Problem to solve: Without the pictures, output all of the data exactly.

Information supplied:
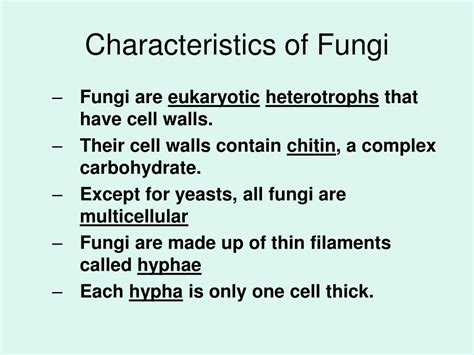 PPT - Kingdom Fungi PowerPoint Presentation, free download - ID:3003677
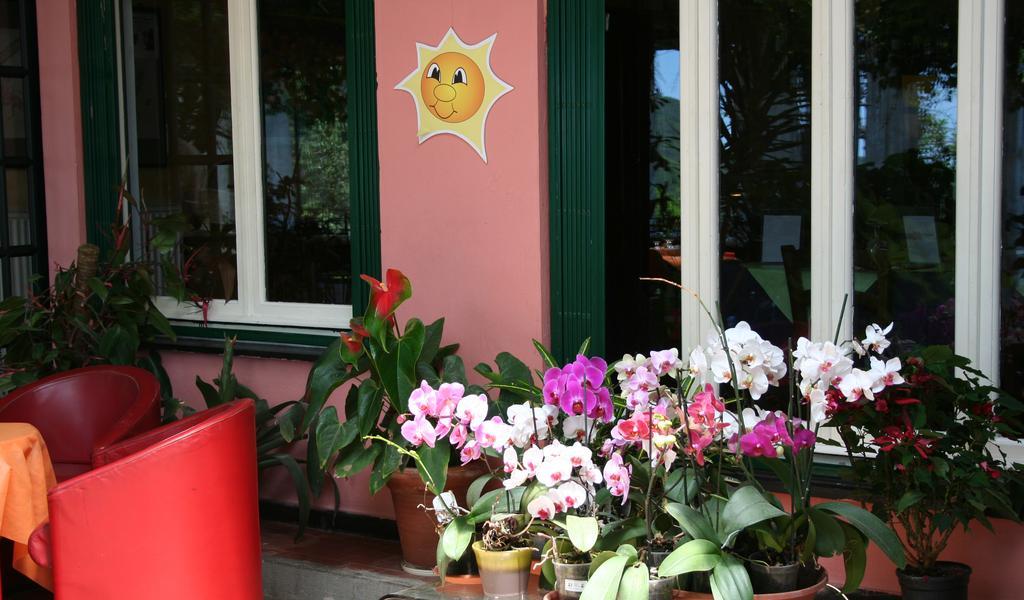 Hotel 5 Terre Nel Sole Deiva Marina Exterior photo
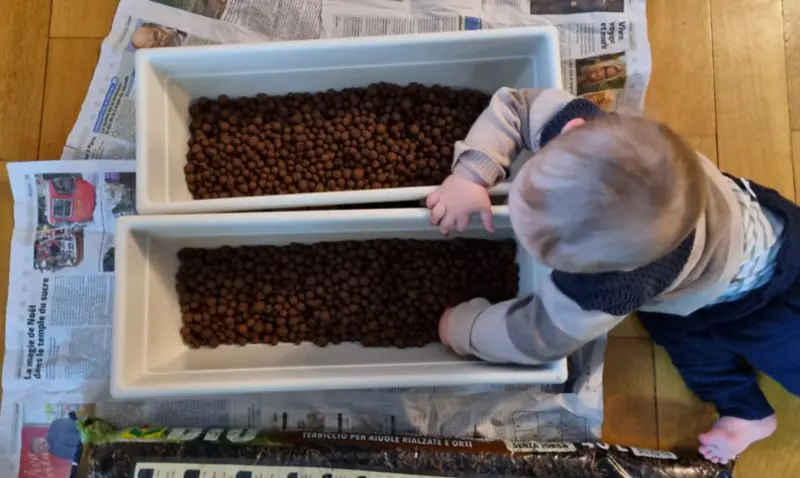 5 étapes pour faire pousser du gingembre 5 Enfant jardinage billes d'argiles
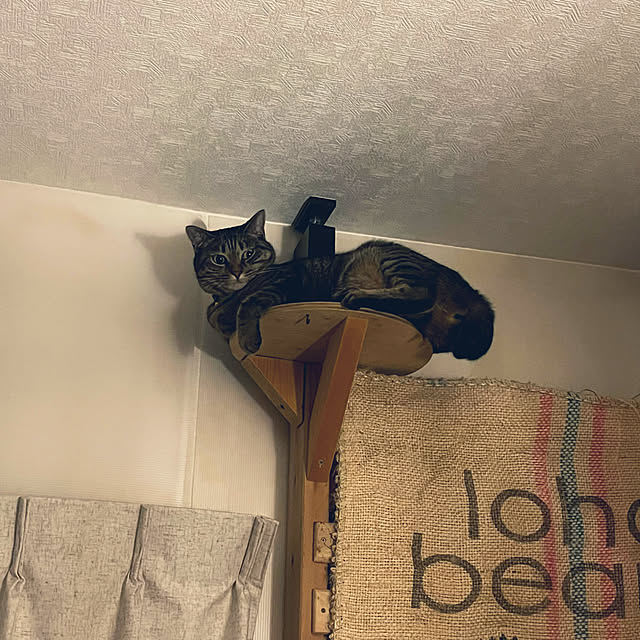 Mさんの部屋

Answer space:
 PPT - Kingdom Fungi PowerPoint Presentation, free download - ID:3003677
 Hotel 5 Terre Nel Sole Deiva Marina Exterior photo
 5 étapes pour faire pousser du gingembre 5 Enfant jardinage billes d'argiles
 Mさんの部屋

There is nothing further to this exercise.